Regarding the day of administration; I do not mean to embarrass you, but this question is an insult and dumb. Why would you think that administering hCG in any special relation to the TE is needed. This is not TRT. T T level will be through the roof. Keep it simple: inject hCG on days divisible by 3 (or 4), whichever you choose.
An insult? I believe what I asked was a question... haha
If you do TE 500 mg/week, the T level at week 12 will be over 6,000 ng/dL.............There is no substitute for laboratory confirmation.
Psychosexual Effects of Three Doses of Testosterone Cycling in Normal Men
Week 12 @ 500mg/wk -- 2,000 ng/dl
Testosterone dose-response relationships in healthy young men
Week 16 @ 600mg/wk -- 2,370 ng/dl
The effects of supraphysiologic doses of testosterone on muscle size and strength in normal men.
Week 10 @ 600mg/wk -- 2,828 ng/dl
I have not seen one study showing 500mg/wk TE to produce 6,000 ng/dl total testosterone.

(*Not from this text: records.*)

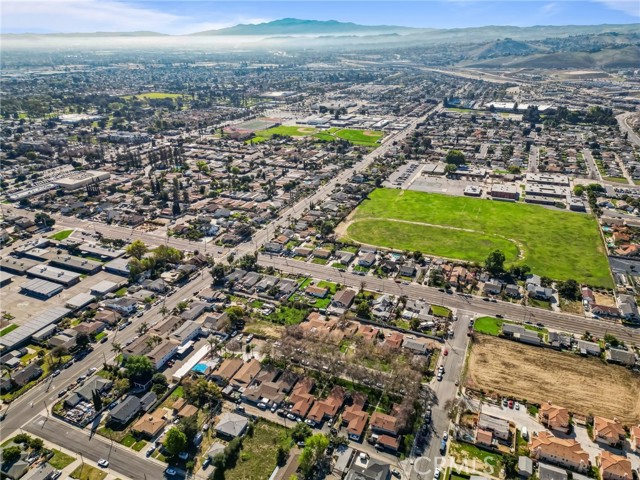 647 Muir Avenue, Pomona CA: https://media.crmls.org/medias/2c755a34-db27-4afb-ae20-99c90d6be98b.jpg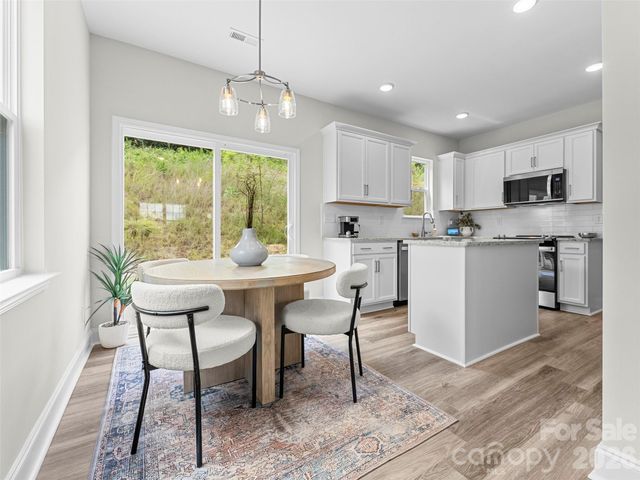 16 Bessie Luther Boulevard unit 39, Candler, NC 28715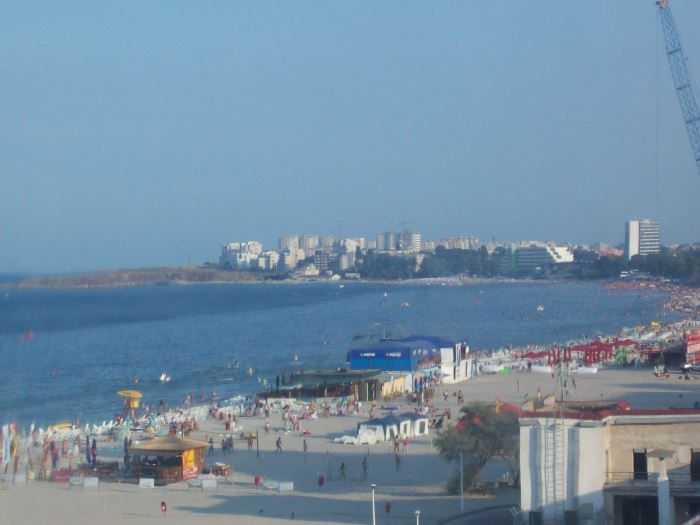 Blick über den Strand von Mamaia in Rumänien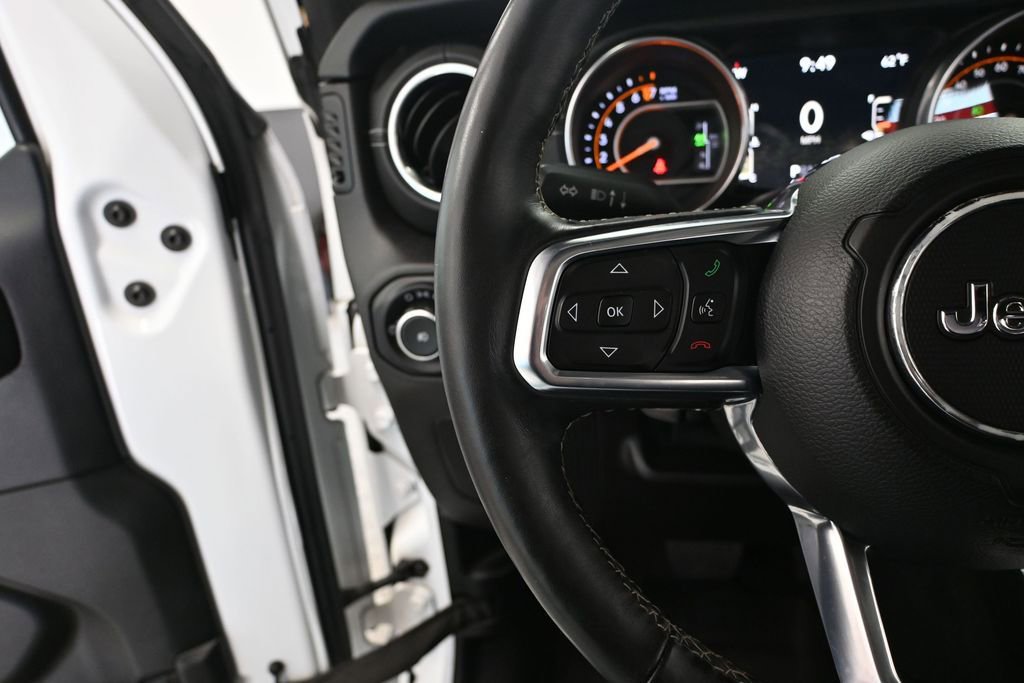 Used 2018 Jeep Wrangler Unlimited Sahara w/ Dual Top Group AWD/4WD image 29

I do not mean to embarrass you Dr. Scally, but this statement is unfounded and just dumb. There is no substitute for laboratory confirmation
Now, let's assume a male is administering TE once per week. [I think] it makes sense that he would benefit from administering HCG the two days prior to his weekly TE injection. The increase in testosterone will not be drastic, albeit it will still produce a rise in his T levels during the time of the week when his T levels are lowest [before his next shot].
With your HCG dose protocol of "maximal stimulation", the increase in T levels we produce should be significant enough to quantifiably minimize our range (difference between our highest and lowest T level during the week)....if we administer HCG at the correct times.
Why would you think that administering hCG in any special relation to the TE is needed. This is not TRT. T T level will be through the roof. Keep it simple: inject hCG on days divisible by 3 (or 4), whichever you choose.
Are you again saying that the increased Testosterone from HCG is like a pebble compared to our T levels on a cycle of AAS? I would have to agree if you based this notion on the "laboratory confirmations" that a normal male's T level is 6,000 ng/dl during a cycle of 500mg/wk Testosterone Enanthate....
Or, are you saying that at supraphysiological levels of Testosterone, stable blood levels are irrelevant? Because I think we can both agree the anecdotal evidence has proven time and again increased injection frequency, and subsequently more stable blood levels, has proven positive effects. This is why bi-weekly injections are preferred over once-weekly injections.
In conclusion, since we're already injecting HCG for testicular hypertrophy during cycle, why not "keep it simple" and simply inject twice a week in relation to our normal Testosterone injection(s). Timing HCG administration for the purpose of raising T levels (when at its lowest point) should prove beneficial. If HCG is not able achieve this, even in the slightest degree, then I really question the efficacy of HCG in general (which I don't).